Trading Halts and Capital Raising:
The Purpose vs the perception
Whether you invest in the Australian Stock Market (ASX) or not, a trading halt has the potential to sound ominous and worrying, however it’s not so uncommon in volatile economic climates and is more considered as a viable channel for organisations to take to protect their businesses and its shareholders. We are seeing many companies voluntarily suspend trading in a bid to accelerate recovery and secure their future.
Victory Offices had a one and a half month trading suspension in April and following that time off, announced the success of securing $15 million in Capital Raising. The funds raised will be used to strengthen the company’s balance sheet to manage the ongoing impact of COVID-19 and to fund working capital requirements of the business over the next 12 months.
What is capital raising?
Capital Raising is the ability of an individual or company to raise funds in order to get the business off the ground or help in the daily operations of the business.
CEO Dan Baxter stated, “the equity raising announced today, alongside operation and cost saving initiatives, will position Victory Offices to overcome adversities associated with COVID-19 and current market conditions.” It is a step in Victory Offices’ COVID-19 recovery plan and said to put Victory in a stronger position than their competitors.
It is not only Victory Offices that has had to halt trading and undertake strategies such as raising capital to place them in a better position as business conditions improve. Local and global companies are doing the exact same. For example, retail and services business – Kogan (ASX:KGN), vitamins group – Blackmores (ASX:BKL), and health food company – Freedom Foods (ASX:FNP), have also implemented a trading halt. Just last Thursday, Australian airline – Qantas (ASX:QAN), announced a trading halt and a capital raising of $1.9 billion to accelerate its recovery and position itself for new opportunities.
Although some may view a trading halt and efforts to raise capital as a sign of insecurity, it more so reveals the corporate support a company has gained.
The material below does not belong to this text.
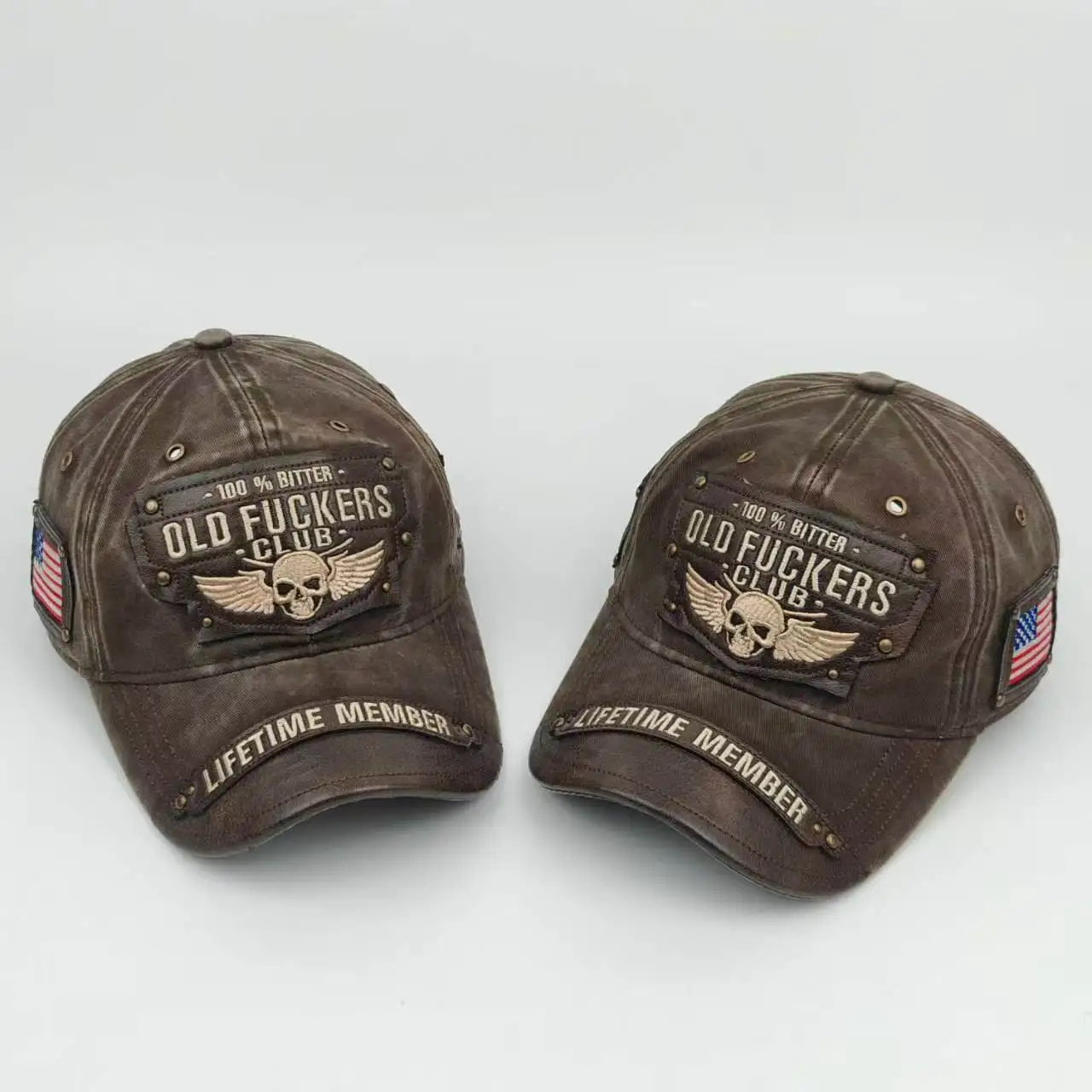 Old Fuckers Club-Vintage Baseball Cap, Embroidered 100% Bitter Lifetime Member Adjustable Distressed Hat for Men Women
When a company has secured capital, it shows that investors see potential in the company’s future growth trajectory and the ability to sustain rapid revenue growth.
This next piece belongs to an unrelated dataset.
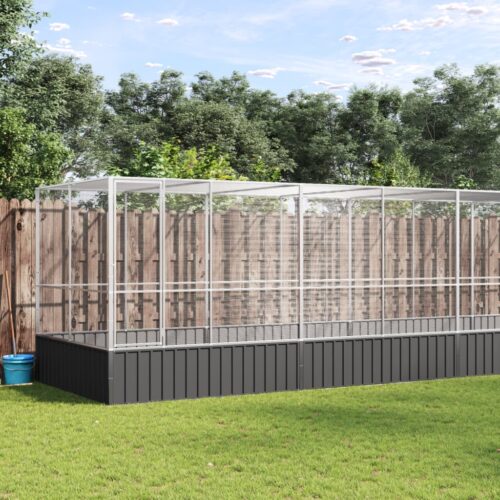 Aviary with Extension Silver 1039x207x212cm Steel - Image 9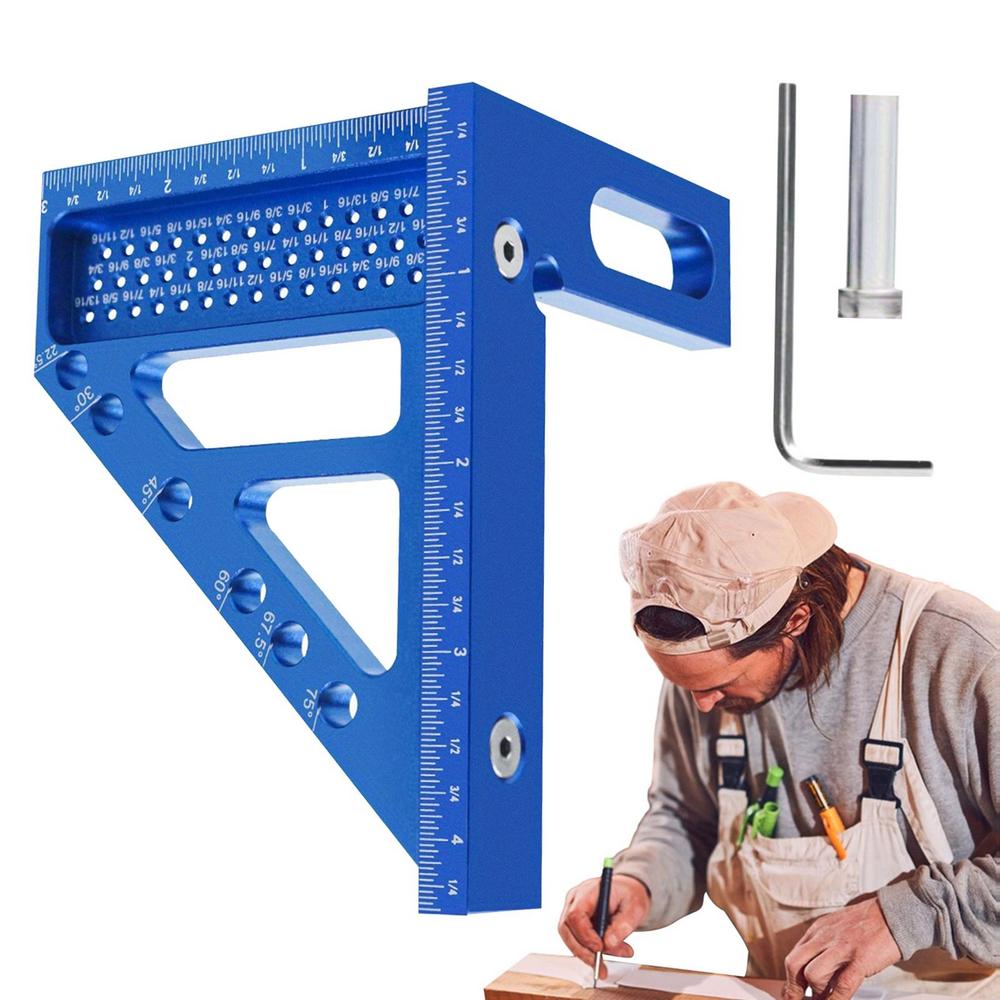 

Многоугольный квадратный квадратный линейный транспортир из алюминиевого сплава высокой точности 3D прочный универсальный инструмент для деревообработки синий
Victory Offices have now re-opened on the ASX market and their recent equity raising has positioned them to weather the situation that COVID-19 has caused the commercial real estate industry. According to Baxter, Victory forecasts an occupancy rate of 20% up to September, rising to 50% of “pre COVID-19 levels” by December and 80% by June 2021. Exceedingly promising statistics within 12 months for all invested both personally and financially with Victory Offices.
During this unprecedented period, it is crucial that companies deem it necessary to strengthen their balance sheets and liquidity position as the road to recovery will be long. These are a sign of the times and as more companies have their business operations severely disrupted due to ongoing COVID-19 government regulations, it won’t be surprising to see more trading halt and capital raising announcements on the ASX. Let’s just hope they all result in a positive outcome such as this one.